Appellee signally failed to establish that any one of the conditions upon which S. T. Morgan promised to pay said indebtedness was complied with, or that any one of the events to be found in said letters had happened upon which said promise to pay depended. McDonald v. Grey, 29 Tex. 80. From its syllabi we quote:
“(1) It is free from all doubt that an acknowledgment which, by its immediate effect, will take a debt out of the bar of the statute of limitation must be clear and unequivocal, and neither qualified by conditions nor limitations. (
Paschal‘s Dig., Art. 4617a, Note 1027a .)—[Smith v. Fly], 24 Tex. 353.“(2) If the new promise be upon condition, the plaintiff must prove a compliance with, or the happening of, the condition. [Mitchell v. Clay], 8 Tex. 443.
“(3) If the condition be the offer of a compromise, the plaintiff must prove that he accepted the terms.”
In Webber v. Cochrane, 4 Tex. 31, it is held: “The bar interposed by the statute, it is held now, can be repelled only by an express promise, which must be proved in a clear and ex
“These rules of construction were generally recognized before the enactment in England, Texas, New York, and perhaps other States, of a further security against the defeat of the statute, by requiring authentic written evidence of the alleged promise or acknowledgment.”
Salinas v. Wright, 11 Tex. 572, from which we quote:
“Where the defendant had acknowledged in writing, that he was indebted to the plaintiff in a certain amount, which he promised to pay as soon as circumstances would permit, it was held that the plaintiff could not recover, on that instrument alone, without proof of the ability of the defendant to pay.
“Where the petition alleged a promissory note, and the plaintiff, instead thereof, proved a promise to pay as soon as circumstances would permit, and did not prove the defendant‘s ability to pay, it was held that the foundation of the action so manifestly failed, that the objection could be taken, although it was not assigned as error.”
Also see Krueger v. Krueger, 76 Tex. 178, 180, 12 S. W. 1004; York v. Hughes (Tex. Com. App.) 286 S. W. 165; Smith v. Fly, supra; Rowlett v. Lane, 43 Tex. 274, 276.
Appellee‘s cause of action was upon the implied promise created by the payment of the $15,000 by him on the $50,000 note for the use and benefit of S. T. Morgan, and not upon that note or the note for $15,000 executed by the Aztec Oil Company to appellee, and said original cause of action, under the facts of this case, was barred by the statute of limitation of two years at the time this suit was instituted.

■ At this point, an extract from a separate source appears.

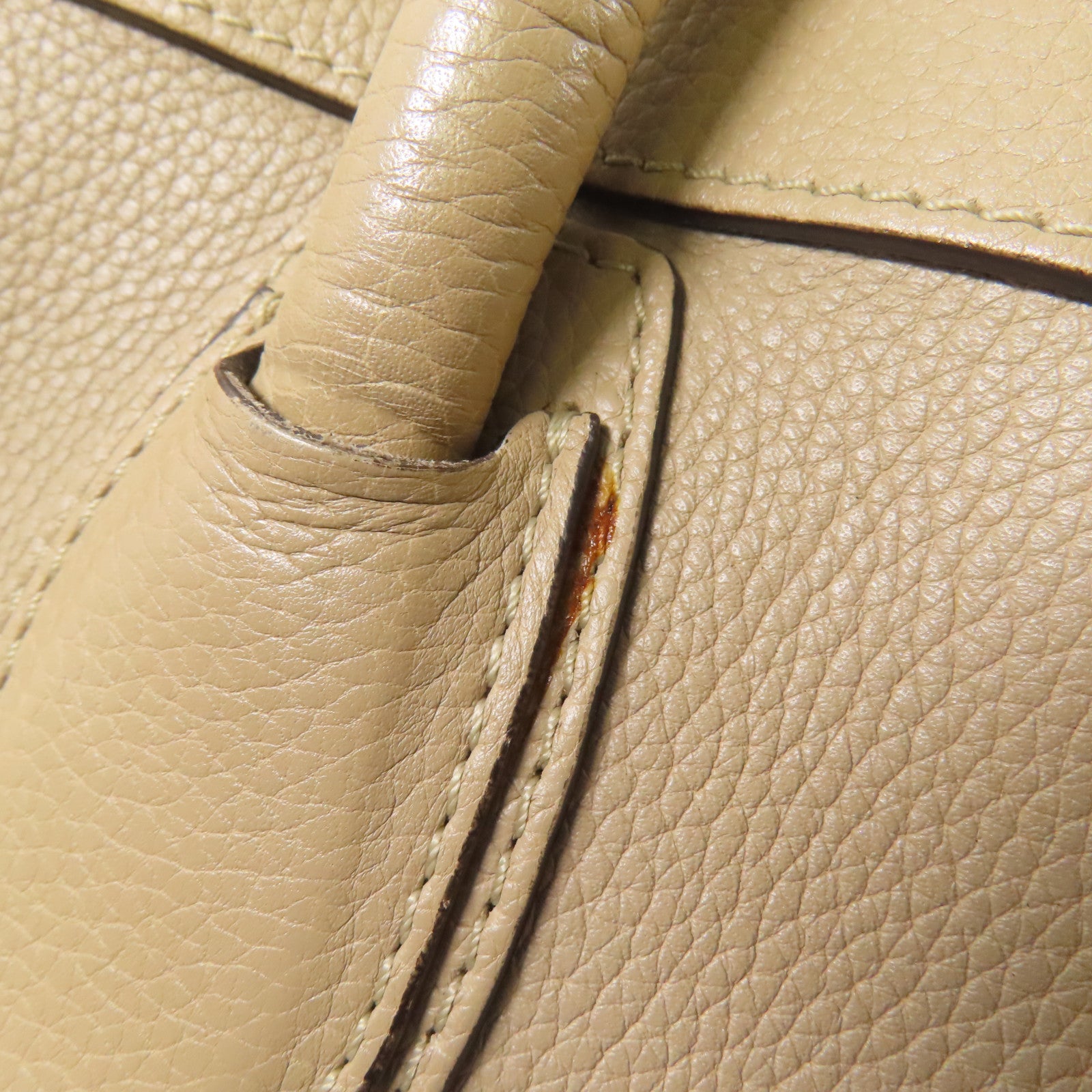 CELINE 牛皮皮革Luggage手挽袋淺褐色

Faires v. Cockerell, 88 Tex. 428, 31 S. W. 190, 639; Boyd v. Beville, 91 Tex. 439, 44 S. W. 287.
In view of the fact that a determination of the propositions not herein discussed is not necessary to a disposition of this appeal, same is pretermitted.
We are of opinion that the judgment of the trial court should be reversed, and judgment here rendered for appellant, that appellee take nothing by his suit, and it is so ordered.
Reversed and rendered.
On Appellee‘s Motion for Rehearing.
From this motion it is made to appear that the trial court, in instructing the jury to return a verdict in favor of appellee, was actuated by the theory on which the case was presented, not so much by appellee‘s petition as by the way appellant‘s defense thereto shaped and made prominent the theory that appellee‘s case, as developed, rested entirely on the following allegations of his petition:
“That thereafter on October 15, 1925, and after the last said note heretofore mentioned became due, and after payment of same had been demanded by the Houston National Bank, and of the Aztec Oil Company and the endorsers,, W. H. Gray, S. T. Morgan, L. A. Carlton and R. A. Welch, said note was credited with a Five Thousand ($5000) Dollar payment. That on the same date, the plaintiff, Thomas F. Keeley, for and in behalf of S. T. Morgan, then living, but now deceased, paid the sum of Fifteen Thousand ($15,000) Dollars to the Houston National Bank, which was credited on the note heretofore described; that Fifteen Thousand ($15,000) Dollars was paid the Houston National Bank by the estate of L. A. Carlton, then deceased, and Fifteen Thousand ($15,000) Dollars was also paid by R. A. Welch, and the said note was, at that time, endorsed by the Houston National Bank to R. A. Welch, the estate of L. A. Carlton, deceased, and the plaintiff, Thomas F. Keeley, without recourse.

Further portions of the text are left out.